Material provided Start Marker

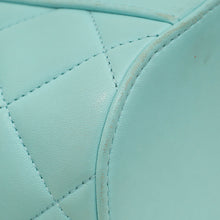Chanel Mint Green CC Trendy Vanity Case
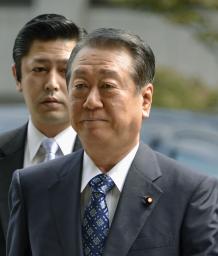 小沢氏の控訴審、即日結審 判決は１１月１２日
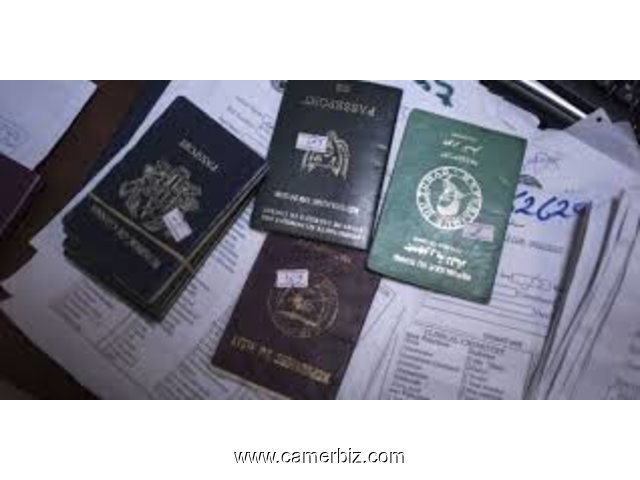 Etablissement du passeport gratuit au Cameroun - 5571
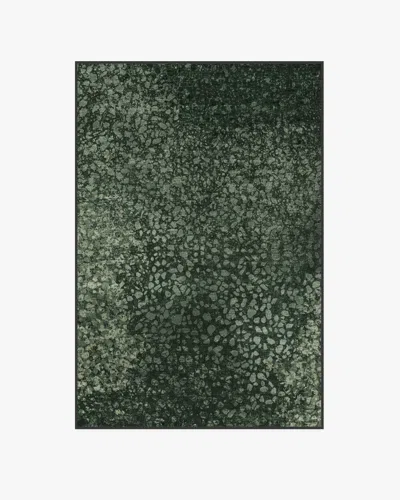 Ruggable Terran Moss Flatwoven Rug By Architectural Digest In Green
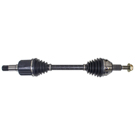 2012 Dodge C/V Drive Axle Kit 2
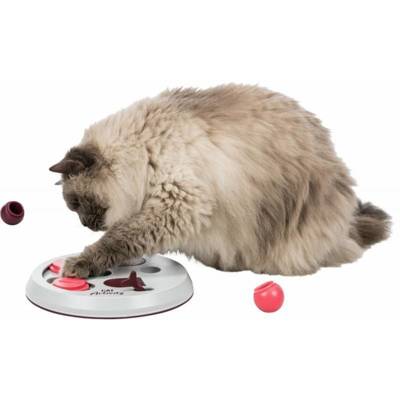 TRIXIE Cat Activity Flip Board dia. 23 cm - Strateginis žaidimas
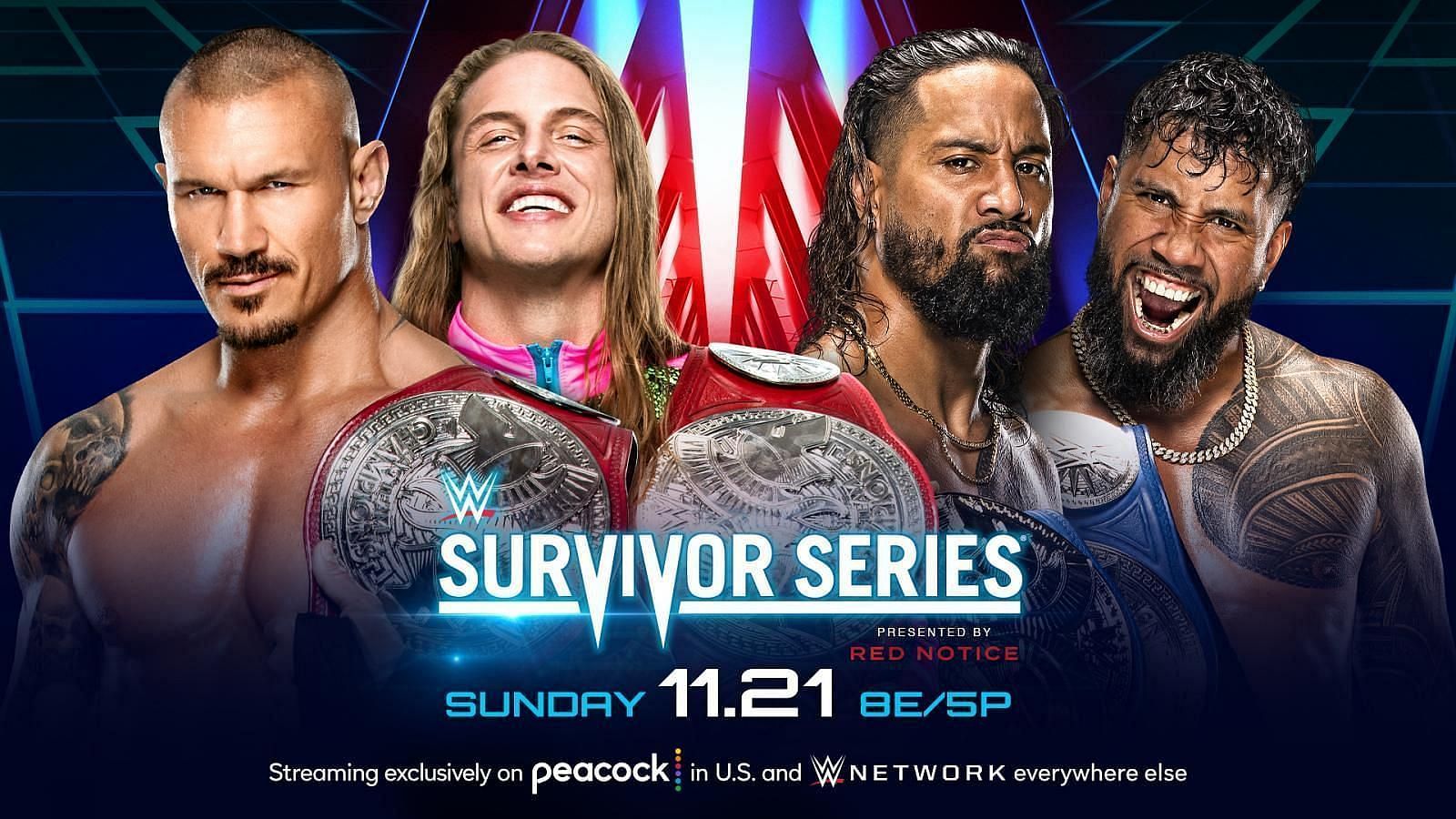 WWE सर्वाइवर सीरीज (Survivor Series) में द उसोज को मिली करारी हार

Material provided End Marker

**Aim of the task**
Set down again, exactly, the lines from the one with "TRIXIE Cat Activity" to the last line of the data, both included and pictures excluded.

**Expected answer**
 TRIXIE Cat Activity Flip Board dia. 23 cm - Strateginis žaidimas
 WWE सर्वाइवर सीरीज (Survivor Series) में द उसोज को मिली करारी हार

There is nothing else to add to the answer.